Après deux mandats de conseillère, Marie-Paule Caron propose sa candidature à la mairie de Saint-Boniface.

Mairie de Saint-Boniface: Marie-Paule Caron veut succéder à son cousin

Après un an de réflexion, Marie-Paule Caron décide d'offrir sa candidature pour devenir mairesse de Saint-Boniface. Si elle y parvient, elle succédera à son cousin, Claude Caron, qui occupe le poste depuis 2009.
M. Caron avait déjà annoncé qu'il ne prolongerait pas son expérience au-delà de deux termes. L'automne dernier, il avait mentionné qu'il était convaincu «à 90 %» qu'il ne solliciterait pas un troisième mandat. Il confirmera publiquement cette décision lors de la prochaine assemblée régulière, le 5 juin.
Marie-Paule Caron avait également été élue comme conseillère en 2009. Elle s'était alors jointe à l'équipe de son cousin. Au siège 2, elle avait battu assez facilement la conseillère sortante, Nicole L. Jobin. Comme tous les autres membres du conseil de Saint-Boniface, Mme Caron avait été réélue sans opposition en 2013.
«Après deux mandats comme conseillère, je suis prête à faire le saut», témoigne-t-elle.
Mme Caron a déjà établi ses priorités si elle est élue le 5 novembre. La première consistera à fouiller le dossier d'assainissement des eaux usées, dont la réalisation n'est toujours pas complétée. En octobre 2008, l'ex-maire Gilles Bellemare avait fièrement annoncé la confirmation de l'aide financière du ministère des Affaires municipales et des Régions. Depuis ce temps, la Municipalité a dû répondre à de multiples demandes des fonctionnaires, de sorte que l'investissement de près de cinq millions de dollars n'a toujours pas été réalisé.
«Ça fait près de 10 ans que ça traîne», déplore Mme Caron. «Il faut en finir! C'est inacceptable qu'en 2017, nos eaux usées se déversent toujours dans la rivière Saint-Maurice (via la rivière Blanche). Je veux réviser ce que nous avons fait. Peut-être qu'on a fait des erreurs, mais il faut analyser tout ça pour savoir où on s'en va. Il faut aboutir!»
Avec la croissance démographique constante de la municipalité, l'aspirante souhaiterait réaliser une grande consultation pour identifier clairement les priorités de la population afin d'améliorer la qualité de vie du milieu. «Nous avons déjà beaucoup d'infrastructures pour les jeunes familles, mais j'aimerais regarder ce qu'on peut faire de plus», mentionne-t-elle.

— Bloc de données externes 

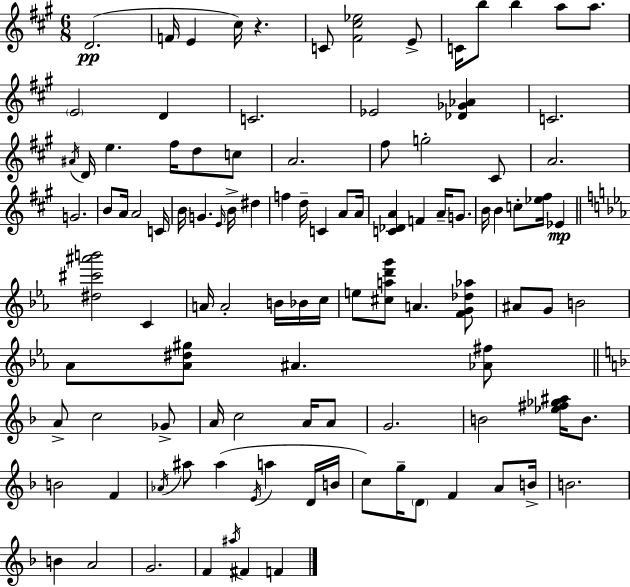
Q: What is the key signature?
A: A major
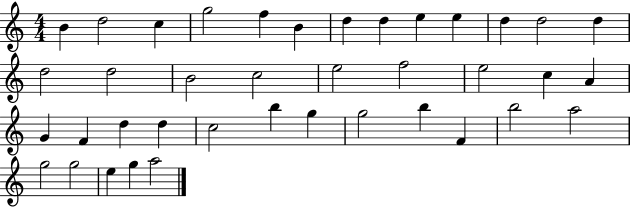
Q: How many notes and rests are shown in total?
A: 39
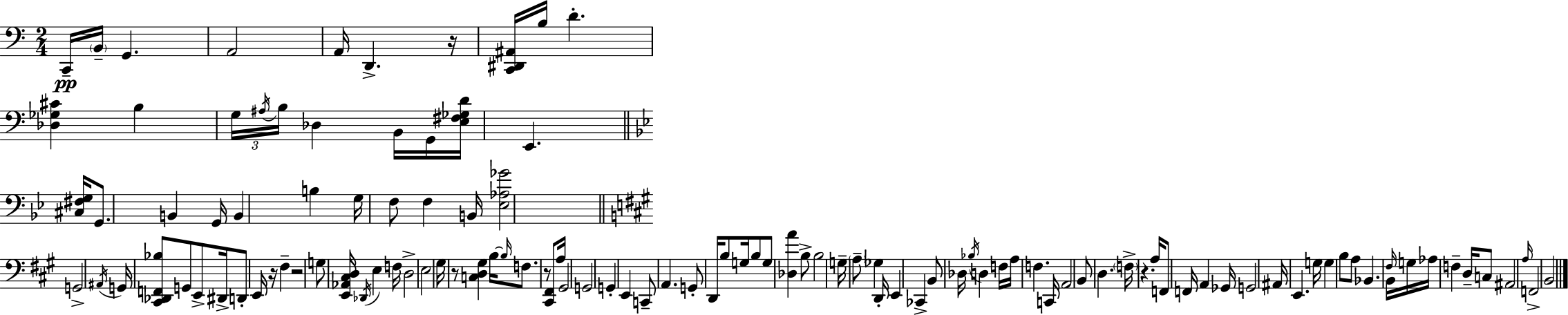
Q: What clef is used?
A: bass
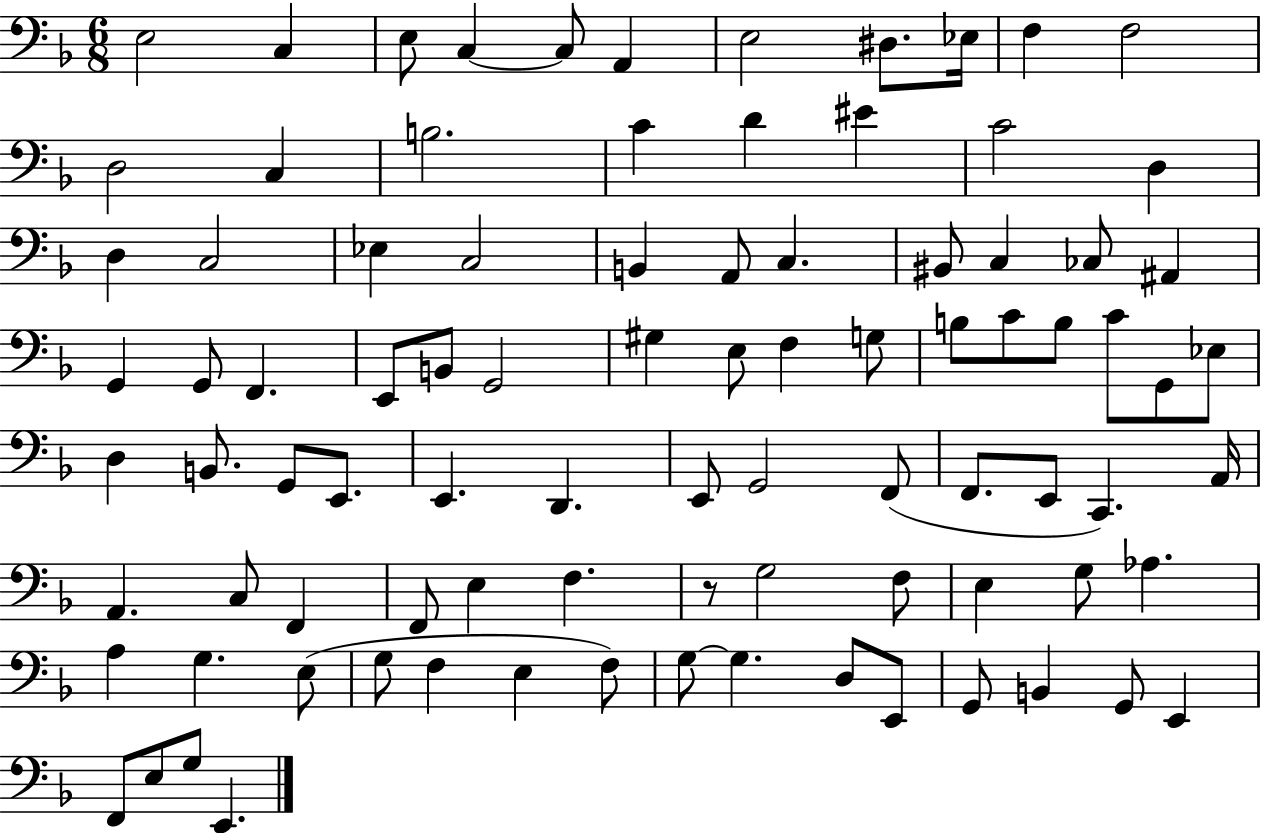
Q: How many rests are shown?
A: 1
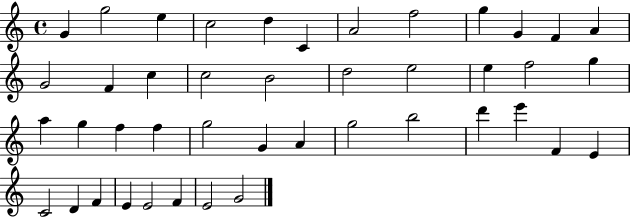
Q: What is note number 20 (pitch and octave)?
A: E5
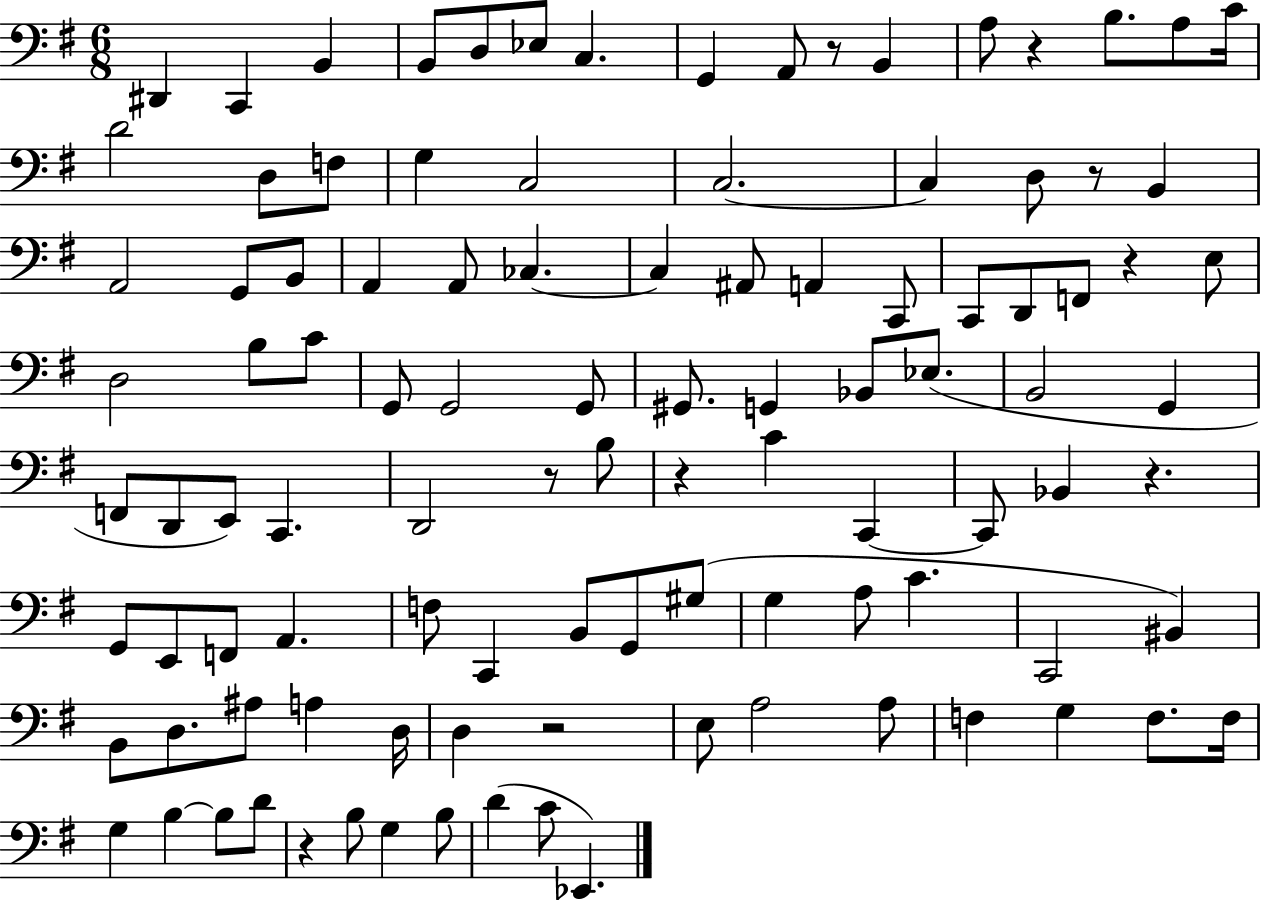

Sa troisième priorité, mais possiblement la plus urgente selon la candidate, consisterait à rétablir l'harmonie à l'hôtel de ville. La conseillère ne le cache pas, les dernières négociations pour le renouvellement de la convention collective avec les employés municipaux ont laissé de profondes cicatrices.
Les deux parties se sont entendues sur un contrat de cinq ans en décembre, après une longue bataille ponctuée de menaces d'abolitions de postes avec, en trame, une guerre d'usure sur les heures d'ouverture au bureau municipal.
«Ça a laissé des traces», reconnaît Mme Caron. «Au-delà des termes de l'entente, on a perdu un respect et une confiance qui s'étaient établis au fil des années. Ça s'est effrité. Il y a beaucoup de griefs qui s'accumulent.»
«Je veux poser les actions nécessaires pour que nos employés se sentent respectés, supportés et reconnus pour la qualité de leur travail», ajoute-t-elle.
Avant de se lancer en politique, Mme Caron était particulièrement connue pour son implication dans l'organisation de la balle lente à Saint-Boniface, autant pour les jeunes que pour les adultes. Au conseil municipal, elle a d'ailleurs hérité du dossier des loisirs depuis 2009.
La femme de 56 ans est retraitée de l'Aluminerie de Bécancour depuis juillet 2016. Elle y occupait un poste de technicienne en hygiène industrielle depuis 29 ans.